● **RECORDS TO PROCESS**:
□ □ □ □

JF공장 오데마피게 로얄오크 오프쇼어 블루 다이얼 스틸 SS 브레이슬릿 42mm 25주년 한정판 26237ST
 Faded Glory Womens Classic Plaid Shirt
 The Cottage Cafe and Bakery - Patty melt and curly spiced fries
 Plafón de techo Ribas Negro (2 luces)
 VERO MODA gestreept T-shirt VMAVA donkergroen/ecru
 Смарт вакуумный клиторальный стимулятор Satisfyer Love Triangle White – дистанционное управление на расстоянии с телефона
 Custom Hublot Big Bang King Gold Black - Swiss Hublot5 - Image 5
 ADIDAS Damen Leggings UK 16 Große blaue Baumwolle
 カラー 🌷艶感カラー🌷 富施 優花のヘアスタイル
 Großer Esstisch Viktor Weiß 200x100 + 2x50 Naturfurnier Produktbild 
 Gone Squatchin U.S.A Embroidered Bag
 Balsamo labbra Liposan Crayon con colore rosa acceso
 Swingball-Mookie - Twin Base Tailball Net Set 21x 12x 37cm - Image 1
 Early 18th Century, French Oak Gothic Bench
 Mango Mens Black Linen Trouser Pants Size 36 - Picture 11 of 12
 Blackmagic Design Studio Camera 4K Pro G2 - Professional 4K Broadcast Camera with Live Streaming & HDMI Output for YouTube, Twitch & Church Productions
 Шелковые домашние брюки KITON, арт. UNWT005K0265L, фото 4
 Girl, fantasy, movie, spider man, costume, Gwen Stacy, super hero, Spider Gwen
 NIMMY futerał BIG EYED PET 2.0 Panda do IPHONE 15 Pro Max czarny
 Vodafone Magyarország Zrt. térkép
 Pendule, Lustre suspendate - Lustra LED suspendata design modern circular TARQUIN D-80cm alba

□ □ □ □

● **ASSIGNMENT**: Could you copy every record above exactly as it appears?

● **ANSWER**:
JF공장 오데마피게 로얄오크 오프쇼어 블루 다이얼 스틸 SS 브레이슬릿 42mm 25주년 한정판 26237ST
 Faded Glory Womens Classic Plaid Shirt
 The Cottage Cafe and Bakery - Patty melt and curly spiced fries
 Plafón de techo Ribas Negro (2 luces)
 VERO MODA gestreept T-shirt VMAVA donkergroen/ecru
 Смарт вакуумный клиторальный стимулятор Satisfyer Love Triangle White – дистанционное управление на расстоянии с телефона
 Custom Hublot Big Bang King Gold Black - Swiss Hublot5 - Image 5
 ADIDAS Damen Leggings UK 16 Große blaue Baumwolle
 カラー 🌷艶感カラー🌷 富施 優花のヘアスタイル
 Großer Esstisch Viktor Weiß 200x100 + 2x50 Naturfurnier Produktbild 
 Gone Squatchin U.S.A Embroidered Bag
 Balsamo labbra Liposan Crayon con colore rosa acceso
 Swingball-Mookie - Twin Base Tailball Net Set 21x 12x 37cm - Image 1
 Early 18th Century, French Oak Gothic Bench
 Mango Mens Black Linen Trouser Pants Size 36 - Picture 11 of 12
 Blackmagic Design Studio Camera 4K Pro G2 - Professional 4K Broadcast Camera with Live Streaming & HDMI Output for YouTube, Twitch & Church Productions
 Шелковые домашние брюки KITON, арт. UNWT005K0265L, фото 4
 Girl, fantasy, movie, spider man, costume, Gwen Stacy, super hero, Spider Gwen
 NIMMY futerał BIG EYED PET 2.0 Panda do IPHONE 15 Pro Max czarny
 Vodafone Magyarország Zrt. térkép
 Pendule, Lustre suspendate - Lustra LED suspendata design modern circular TARQUIN D-80cm alba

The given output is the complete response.